I've wanted to support this for a long time, but had a hard time figuring out how I wanted to implement it, exactly. I prefer to add features in a generic way where lots of different use cases can fit into the same thing, to keep the overall protocol feeling clean and consistent if possible. I also try to avoid making breaking changes, which means I'd ideally do it right the first time.
I thought about adding some sort of system specifically for chats, but that would duplicate a lot of the stuff that was already there. I thought about even having a window you could pop up that would connect to my IRC server, but that seemed silly, and would limit what kind of improvements I could make over what IRC is able to do.
I realized awhile back that, conceptually, maps are fancy chatrooms; you can visit them, see who else is there, and send messages that everyone else in that location can see. So it makes sense to build on that. So I thought it would be cool to have it where you can control multiple characters across multiple maps, and server-wide chats would involve putting a character (or a copy of a character) in a map that's agreed upon to be a chat, with other people doing the same thing.
But that feels like vastly over complicating everything and it would make clients handle a lot of tricky stuff that I don't think a client should have to support, and as cool as it would be it'd probably look clunky and confusing to people.
Yesterday I realized there's a simpler solution that also builds on the concepts already there: There's a system in place for remotely listening in on events that happen on other maps, and remotely doing actions on other maps, including sending chat messages.

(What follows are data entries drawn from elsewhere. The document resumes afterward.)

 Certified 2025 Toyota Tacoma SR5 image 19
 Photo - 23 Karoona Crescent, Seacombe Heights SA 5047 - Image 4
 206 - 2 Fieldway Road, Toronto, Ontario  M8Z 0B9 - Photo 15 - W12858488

This was originally set up with the idea that you would have a bot account sitting somewhere and it would remotely handle bot stuff in however many maps. You could technically already use this system for chats, if multiple people listened to chat on some remote map and remotely sent chat into it, but this required permissions to be set in a way that wasn't preferable, so I fixed that.

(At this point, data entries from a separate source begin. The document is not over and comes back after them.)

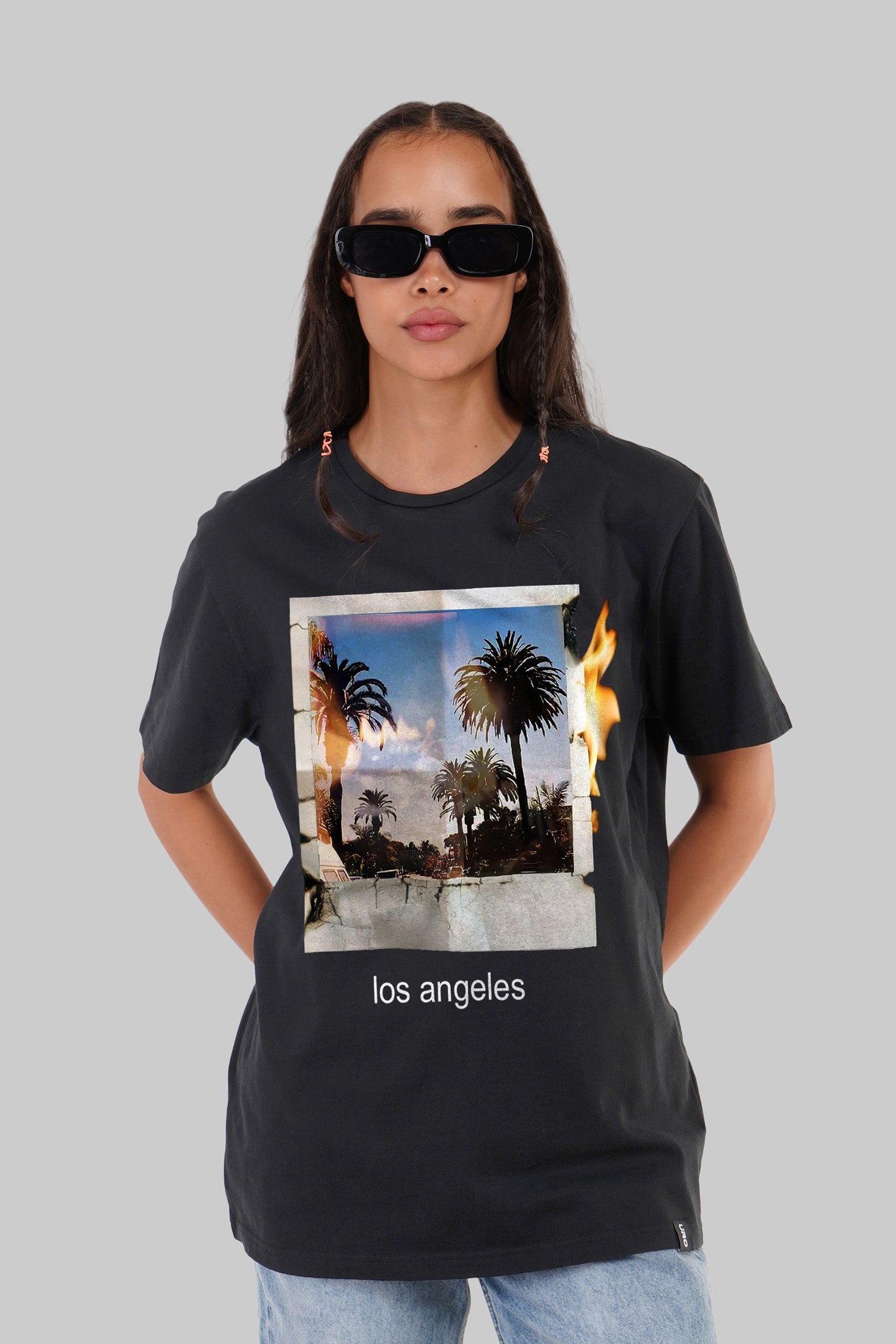 Los Angeles Black Boyfriend Fit T-Shirt Women Pic 1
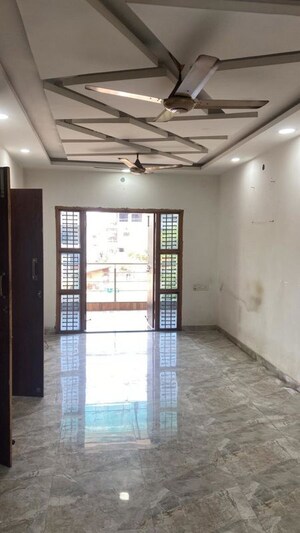 Room in 2 BHK Apartment at Civil Lines – for Rent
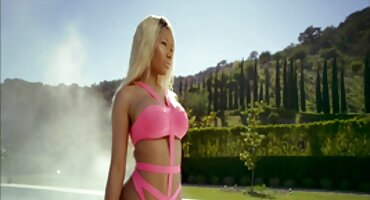 Maserka gumiran plijen na dupe klijenta, pružajući porno hrvatski orgazam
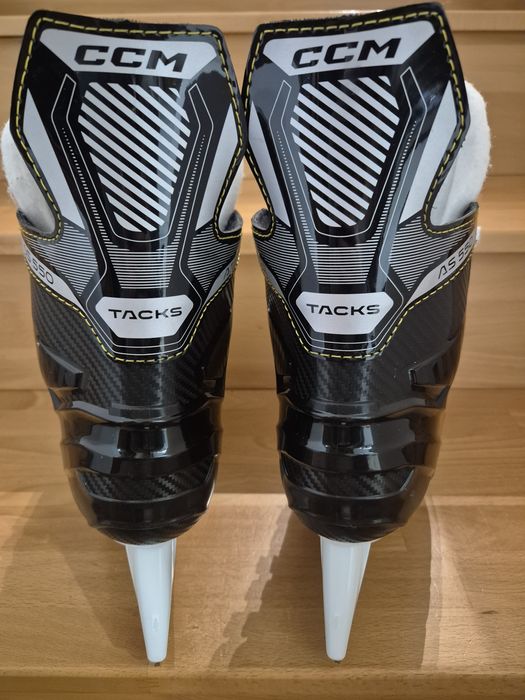 Łyżwy hokejowe CCM AS550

Now non-registered users can listen for events on other maps, and the maps themselves don't have to even be maps, nor do they have to exist in the database. There's a remote_chat
permission you can set on entities, and with that permission, you can listen to chat messages that happen inside the entity, remotely send chat into the entity, and find out who else is listening for chat in that entity, and no potentially unwanted extra permissions. The ability to see who else is listening for chat gives you that "member list" feature of a chatroom.
So the end result of this is that any entity can be a server-wide chatroom if its owner wants to opt into it being one. You can have an actual persistent entity like a user group be one (and you can set it up so that being a member of the group gives you access to join the chat), or have a map that you can visit and talk in alongside people talking remotely, or you can just make a quick temporary object that can act as a temporary party chat, or whatever really.
Now it needs support in the client, and commands for more easily working with this, like the ability to kick people from one of these remote chat setups. Those can come later.